A last minute decision saw me armed with my newly tied flies and a freshly purchased fishing licence aiming for the hills, the scenery and heather edged road reminding me of regular previous journeys. There are a few different sections of the river that I fish and I decided to visit the part where I had first seen a Blue Duck. The river was in typical summer mode, low and clear suggesting the fish would be in the cooler deeper runs and pools. There was no surface activity and prospecting with a nymph through the small riffles and pockets yielded nothing.
The first shaded deep pool revealed a large trout hanging in a small back eddy picking items from a chute between the branches of a fallen tree and beneath low hanging leaves. Its huge spade tail waved slowly and tantalisingly as it broke the surface while nonchalantly taking subsurface prey. Completely secure in the knowledge that its lair was inaccessible to a fly presentation. My attempts cost me two of my nymphs sacrificed to sunken branches.
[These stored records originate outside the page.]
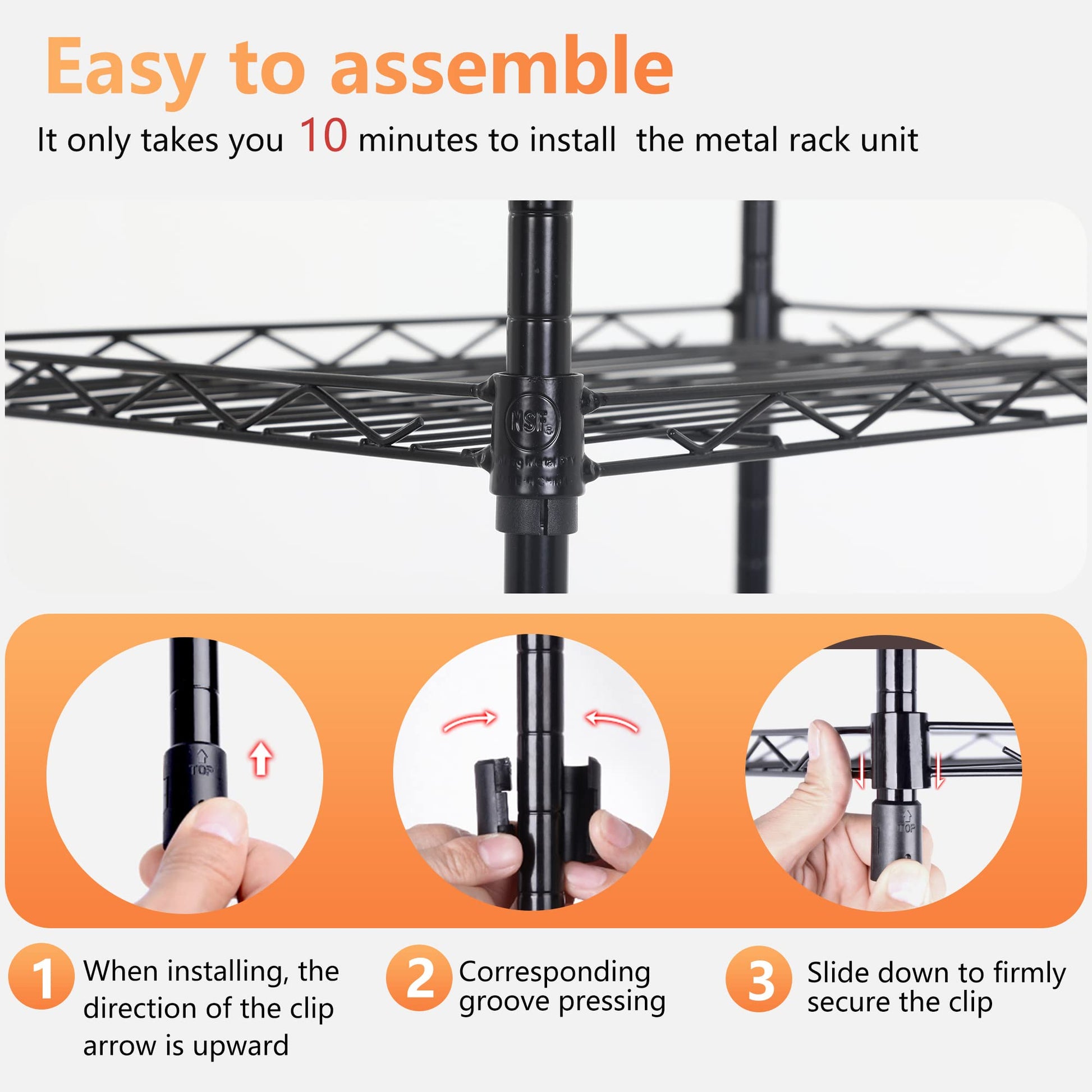 FDW 6 Tier Wire Shelving 17L x 12W x 64H Pantry Shelves Storage Rack Shelving Units Adjustable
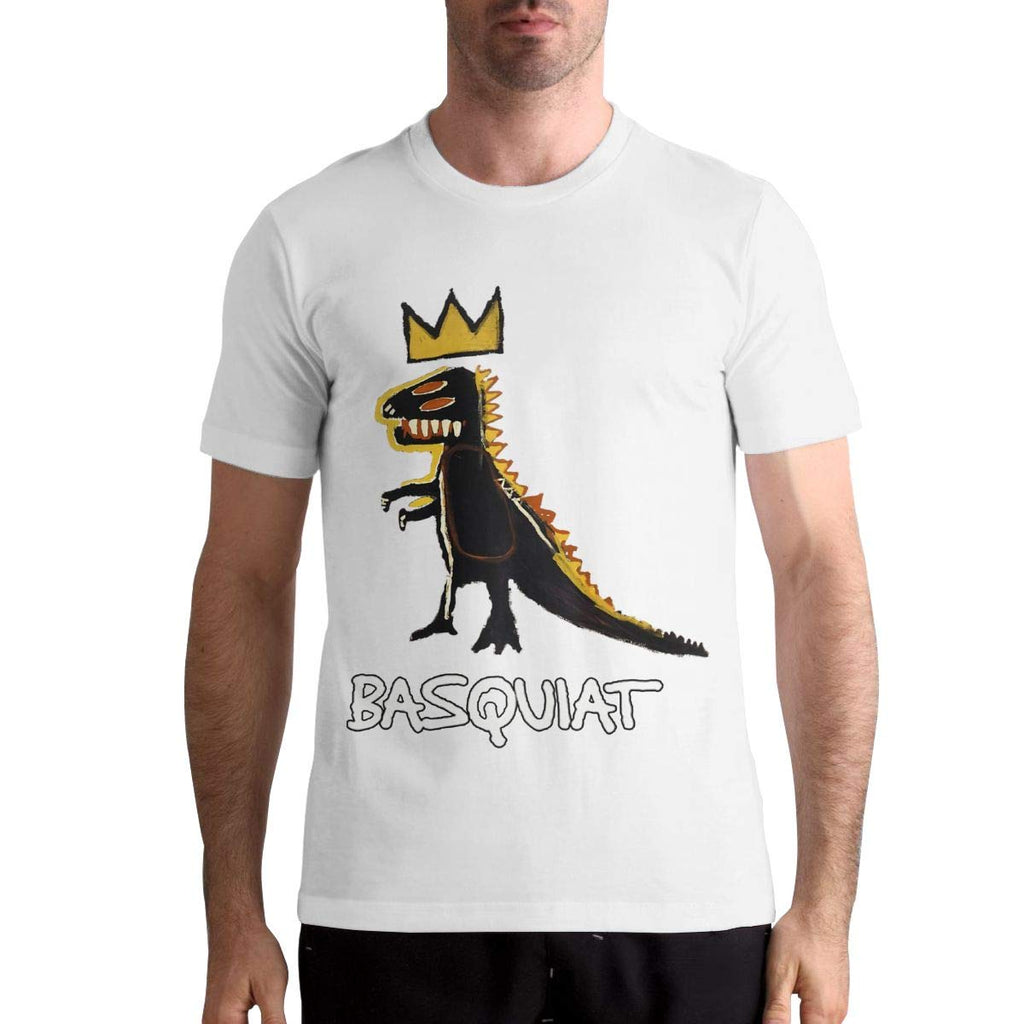 Jean Michel Basquiat Men's Tops Short Sleeved Round Neck Cotton White T-Shirt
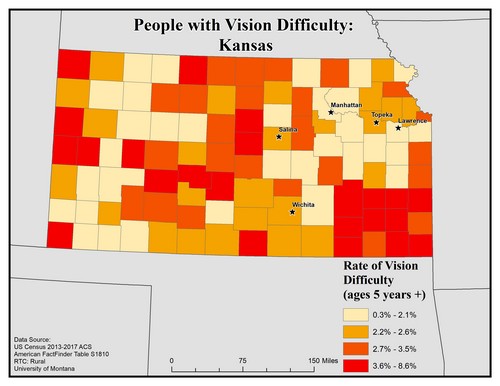 Map of KA showing rates of vision difficulty by county. Text description on page.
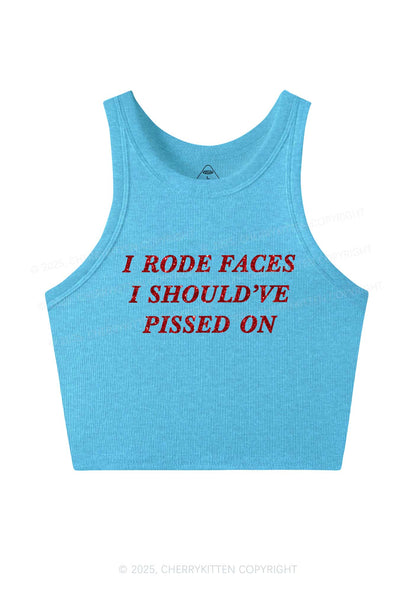 Glitter I Rode Faces Y2K Crop Tank Top Cherrykitten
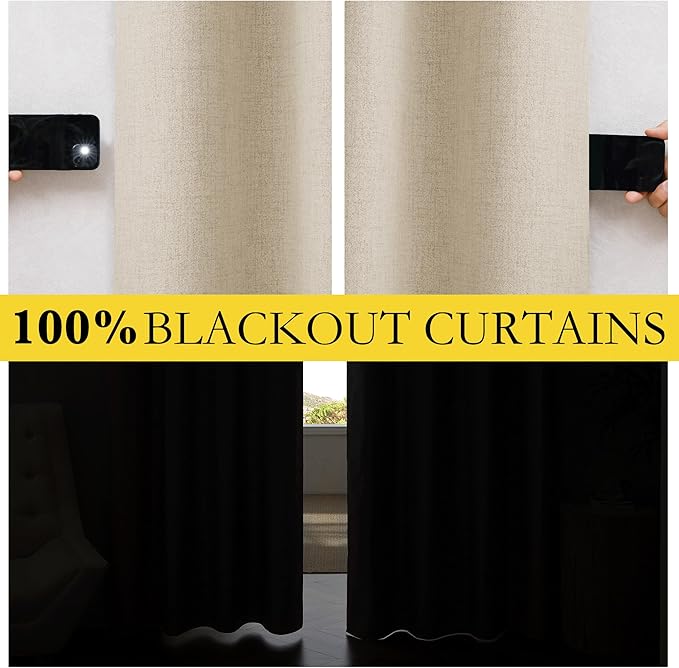 NICETOWN Cream Thick Linen Blend 100% Blackout Curtains 63" Long 2 Panels Set - Image 3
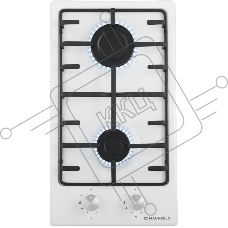 Газовая варочная панель Maunfeld EGHE.32.3EW/G, 2 конфорки, эмалированная сталь, белый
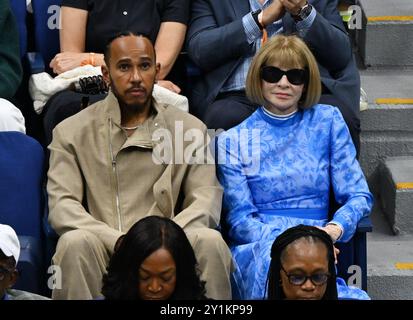 New York, United States. 07th Sep, 2024. Lewis Hamilton and Anna Wintour are seen watching the women's singles finals in Arthur Ashe Stadium at the 2024 US Open Tennis Championships at the USTA Billie Jean King National Tennis Center in New York City on Saturday, September 7, 2024. Photo by Larry Marano/UPI Credit: UPI/Alamy Live News Stock Photo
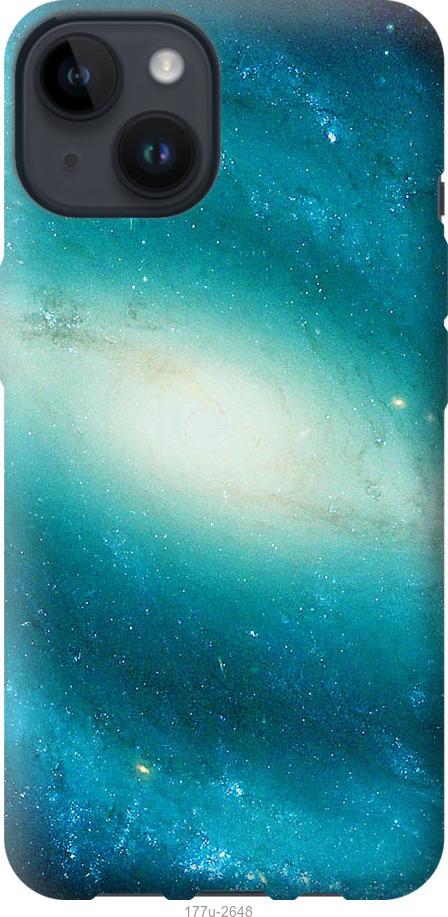 Чехол на iPhone 14 Голубая галактика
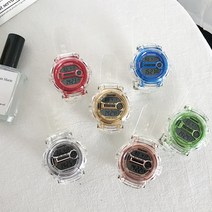 여학생손목시계 투명 유행 유니콘 전기 서브너시계 고등학교 하라쥬크 무드 ULZZANG 디지털 식 알람시계 2298611119, 청판 (스윗 케이스 _끈팔찌 )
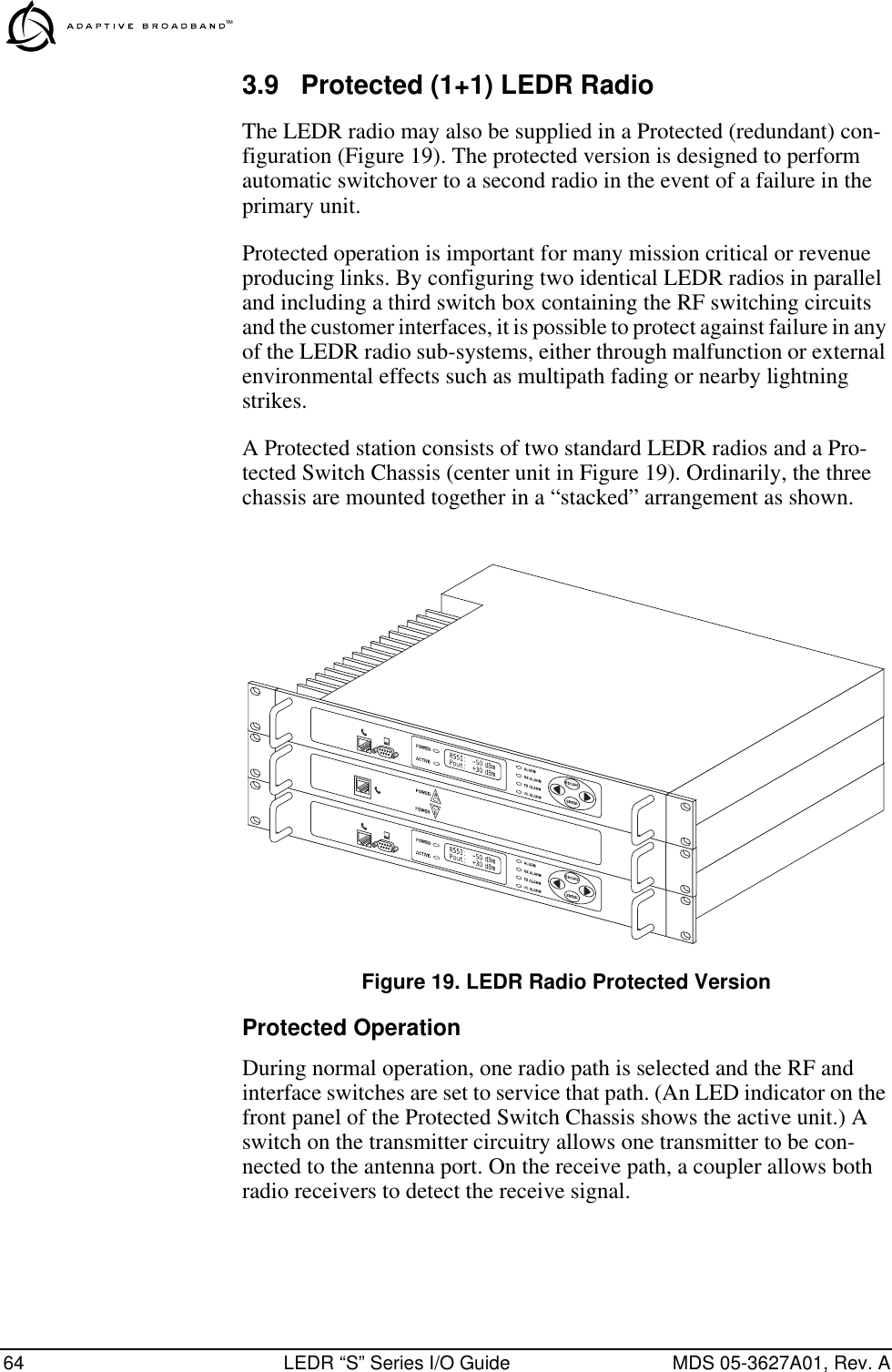 64 LEDR “S” Series I/O Guide MDS 05-3627A01, Rev. A3.9 Protected (1+1) LEDR RadioThe LEDR radio may also be supplied in a Protected (redundant) con-figuration (Figure 19). The protected version is designed to perform automatic switchover to a second radio in the event of a failure in the primary unit.Protected operation is important for many mission critical or revenue producing links. By configuring two identical LEDR radios in parallel and including a third switch box containing the RF switching circuits and the customer interfaces, it is possible to protect against failure in any of the LEDR radio sub-systems, either through malfunction or external environmental effects such as multipath fading or nearby lightning strikes.A Protected station consists of two standard LEDR radios and a Pro-tected Switch Chassis (center unit in Figure 19). Ordinarily, the three chassis are mounted together in a “stacked” arrangement as shown.Invisible place holderFigure 19. LEDR Radio Protected VersionProtected OperationDuring normal operation, one radio path is selected and the RF and interface switches are set to service that path. (An LED indicator on the front panel of the Protected Switch Chassis shows the active unit.) A switch on the transmitter circuitry allows one transmitter to be con-nected to the antenna port. On the receive path, a coupler allows both radio receivers to detect the receive signal.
Heading further upstream revealed 2 more fish but no takes so I retraced my steps and decided to spend a bit more time prospecting a fast deep run heading up to the pool holding the big fish. My theory was that it would be defending its pool and causing a backup of smaller fish below it. The best looking water held a fallen tree on the far side so any fish hooked would be a challenge. I set up a double nymph rig and managed to drift it along the bottom on the near side of the run. The indicator hesitated and the water erupted with a small rainbow missile. I managed to keep it away from the tree and soon had a strong little trout in the net. Neural pathways and reflexes from the past fully revisited and flushed clear.
Two drifts later an action replay but this time with a much larger fish erupting from the pool. This one screamed upstream peeling line from my reel before turning and heading back into the branch tangled run where it wove a macrame creation stealing my tippet and flies.
Revisiting the past is something we often try to do if the past was good and has fond memories. Sometimes we succeed and sometimes we are disappointed. This attempt was a success.
Four years ago I did a similar trip to a different part of the river with Edin. On that occasion we overnighted and found both trout and Blue Ducks.
Photos with the amazing little Olympus TG5, the perfect camera to take on a fishing hike up a river as it is completely waterproof.